What Christmas Means To Me - lol ghosts
The original version of What Christmas Means To Me, which Stevie Wonder recorded in 1967, is one of my favourite Christmas songs. It’s just a dizzy enthusiastic list of everything he’s excited about! So festive and fun! Cover versions rarely do much for me. John Legend and Cee Lo and such just can’t pull off frenetic celebration the way 17-year-old Stevie Wonder could.
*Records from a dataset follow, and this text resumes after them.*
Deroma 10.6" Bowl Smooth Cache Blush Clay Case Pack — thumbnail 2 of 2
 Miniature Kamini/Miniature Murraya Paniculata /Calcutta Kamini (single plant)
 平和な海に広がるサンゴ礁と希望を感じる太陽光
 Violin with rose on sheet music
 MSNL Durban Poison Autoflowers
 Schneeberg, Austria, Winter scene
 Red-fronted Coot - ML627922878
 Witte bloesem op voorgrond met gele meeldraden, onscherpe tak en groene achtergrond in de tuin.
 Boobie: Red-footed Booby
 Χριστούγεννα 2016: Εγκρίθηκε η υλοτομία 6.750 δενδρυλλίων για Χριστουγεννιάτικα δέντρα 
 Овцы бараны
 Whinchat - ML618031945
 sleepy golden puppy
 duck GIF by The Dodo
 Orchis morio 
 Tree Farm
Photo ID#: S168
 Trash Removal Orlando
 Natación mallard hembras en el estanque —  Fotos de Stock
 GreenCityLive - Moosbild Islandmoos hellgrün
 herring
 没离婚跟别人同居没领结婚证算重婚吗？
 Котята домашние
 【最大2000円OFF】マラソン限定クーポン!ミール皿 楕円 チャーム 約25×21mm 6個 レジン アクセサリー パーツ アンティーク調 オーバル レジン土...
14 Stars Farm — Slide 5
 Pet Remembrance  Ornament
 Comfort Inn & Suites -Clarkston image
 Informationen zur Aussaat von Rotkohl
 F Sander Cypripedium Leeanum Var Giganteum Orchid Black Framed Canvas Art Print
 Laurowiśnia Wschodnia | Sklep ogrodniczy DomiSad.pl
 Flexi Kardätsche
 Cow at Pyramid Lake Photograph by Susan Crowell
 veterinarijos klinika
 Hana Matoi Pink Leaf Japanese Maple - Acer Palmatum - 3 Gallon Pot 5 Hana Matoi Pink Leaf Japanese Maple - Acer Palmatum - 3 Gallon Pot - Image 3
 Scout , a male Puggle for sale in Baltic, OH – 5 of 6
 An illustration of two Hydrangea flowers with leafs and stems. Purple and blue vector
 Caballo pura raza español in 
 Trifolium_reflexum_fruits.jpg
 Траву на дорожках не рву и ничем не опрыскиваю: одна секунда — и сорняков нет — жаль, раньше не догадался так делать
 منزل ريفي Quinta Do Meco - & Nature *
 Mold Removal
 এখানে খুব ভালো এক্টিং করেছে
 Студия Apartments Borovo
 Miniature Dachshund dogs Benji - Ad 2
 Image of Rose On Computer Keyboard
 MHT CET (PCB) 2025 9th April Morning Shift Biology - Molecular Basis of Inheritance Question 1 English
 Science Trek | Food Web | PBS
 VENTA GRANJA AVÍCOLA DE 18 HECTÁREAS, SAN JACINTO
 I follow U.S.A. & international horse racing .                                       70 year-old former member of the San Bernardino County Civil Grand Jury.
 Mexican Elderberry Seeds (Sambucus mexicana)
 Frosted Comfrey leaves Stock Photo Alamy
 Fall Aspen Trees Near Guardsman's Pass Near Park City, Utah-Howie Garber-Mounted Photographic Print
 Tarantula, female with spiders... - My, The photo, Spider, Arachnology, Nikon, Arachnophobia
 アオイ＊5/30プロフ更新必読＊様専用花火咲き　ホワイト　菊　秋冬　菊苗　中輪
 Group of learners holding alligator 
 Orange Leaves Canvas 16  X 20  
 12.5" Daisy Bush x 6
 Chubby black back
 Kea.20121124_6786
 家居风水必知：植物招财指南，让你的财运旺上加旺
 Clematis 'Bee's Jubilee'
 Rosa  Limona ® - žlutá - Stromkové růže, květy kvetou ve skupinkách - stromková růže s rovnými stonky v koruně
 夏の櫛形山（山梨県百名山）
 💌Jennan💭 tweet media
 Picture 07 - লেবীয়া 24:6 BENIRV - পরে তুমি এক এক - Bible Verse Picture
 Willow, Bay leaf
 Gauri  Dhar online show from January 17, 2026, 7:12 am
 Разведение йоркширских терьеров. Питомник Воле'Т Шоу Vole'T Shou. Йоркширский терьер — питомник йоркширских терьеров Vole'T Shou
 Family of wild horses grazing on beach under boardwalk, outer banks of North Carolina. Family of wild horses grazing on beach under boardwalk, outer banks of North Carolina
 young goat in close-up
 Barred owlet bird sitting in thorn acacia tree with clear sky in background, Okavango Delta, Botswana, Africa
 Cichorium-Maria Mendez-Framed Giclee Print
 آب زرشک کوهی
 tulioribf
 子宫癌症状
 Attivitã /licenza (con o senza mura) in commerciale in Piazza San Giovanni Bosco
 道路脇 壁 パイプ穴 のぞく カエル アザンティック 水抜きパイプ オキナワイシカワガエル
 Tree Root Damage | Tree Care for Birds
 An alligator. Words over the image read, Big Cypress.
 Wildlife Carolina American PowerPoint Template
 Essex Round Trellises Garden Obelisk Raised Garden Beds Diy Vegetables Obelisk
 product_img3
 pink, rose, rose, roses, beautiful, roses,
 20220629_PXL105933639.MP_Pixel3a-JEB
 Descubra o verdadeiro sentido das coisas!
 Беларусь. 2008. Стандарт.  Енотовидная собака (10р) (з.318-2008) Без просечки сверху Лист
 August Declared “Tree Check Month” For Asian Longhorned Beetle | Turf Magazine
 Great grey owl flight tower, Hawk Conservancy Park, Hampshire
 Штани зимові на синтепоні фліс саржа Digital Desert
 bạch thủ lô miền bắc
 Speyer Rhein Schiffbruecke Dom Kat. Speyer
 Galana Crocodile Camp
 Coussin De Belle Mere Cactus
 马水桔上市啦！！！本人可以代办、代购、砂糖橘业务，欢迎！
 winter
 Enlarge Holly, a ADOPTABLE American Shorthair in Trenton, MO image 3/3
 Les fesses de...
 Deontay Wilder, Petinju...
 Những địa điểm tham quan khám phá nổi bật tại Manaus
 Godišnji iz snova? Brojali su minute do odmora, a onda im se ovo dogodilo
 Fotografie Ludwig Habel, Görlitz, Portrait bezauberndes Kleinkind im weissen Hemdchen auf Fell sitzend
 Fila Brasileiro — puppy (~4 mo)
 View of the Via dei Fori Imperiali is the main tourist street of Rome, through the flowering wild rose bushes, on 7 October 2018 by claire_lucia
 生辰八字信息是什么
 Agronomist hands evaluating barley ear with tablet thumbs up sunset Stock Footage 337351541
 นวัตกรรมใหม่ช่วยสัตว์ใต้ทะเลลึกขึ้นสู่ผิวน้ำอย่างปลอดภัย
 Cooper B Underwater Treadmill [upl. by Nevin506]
This version is trying to do something different, though. It’s from an annual Christmas Mixtape that could be yours for the price of zero dollars (“please pass along whatever monies you would've spent on this album and donate it directly to a cause that's close to your heart”). No horns here, just delicate synths and unhurried bass, and lines like:
I feel like running wild
as anxious as a little child
sound like they are being sung by tired adults rather than a hyper teenager. But they’ve extended the harmonies at the end of “all these things and more, that’s what Christmas means to me, my lo-oove” in the chorus, so that when they follow the anxiety with:
Greet you 'neath the mistletoe
kiss you once, and then some more
and wish you a Merry Christmas, baby
It sounds sweet. Romantic, even. There’s a steadiness there that reminds me of the sort of romantic love that’s become meaningful to me in the back half of my twenties. I don’t think I can access the urgent, consuming, delicious desperation of my early crushes any more, but I’m getting to know some new feelings inside my steadying emotional range. A patient appreciation, knowing that we understand each other, and ourselves, well enough to comfortably share a slice of our lives.
All these things and more,
—Tessa
PS The ending of Boulet’s amazing 24-hour comic Darkness captures the feeling I’m trying to gesture at pretty well.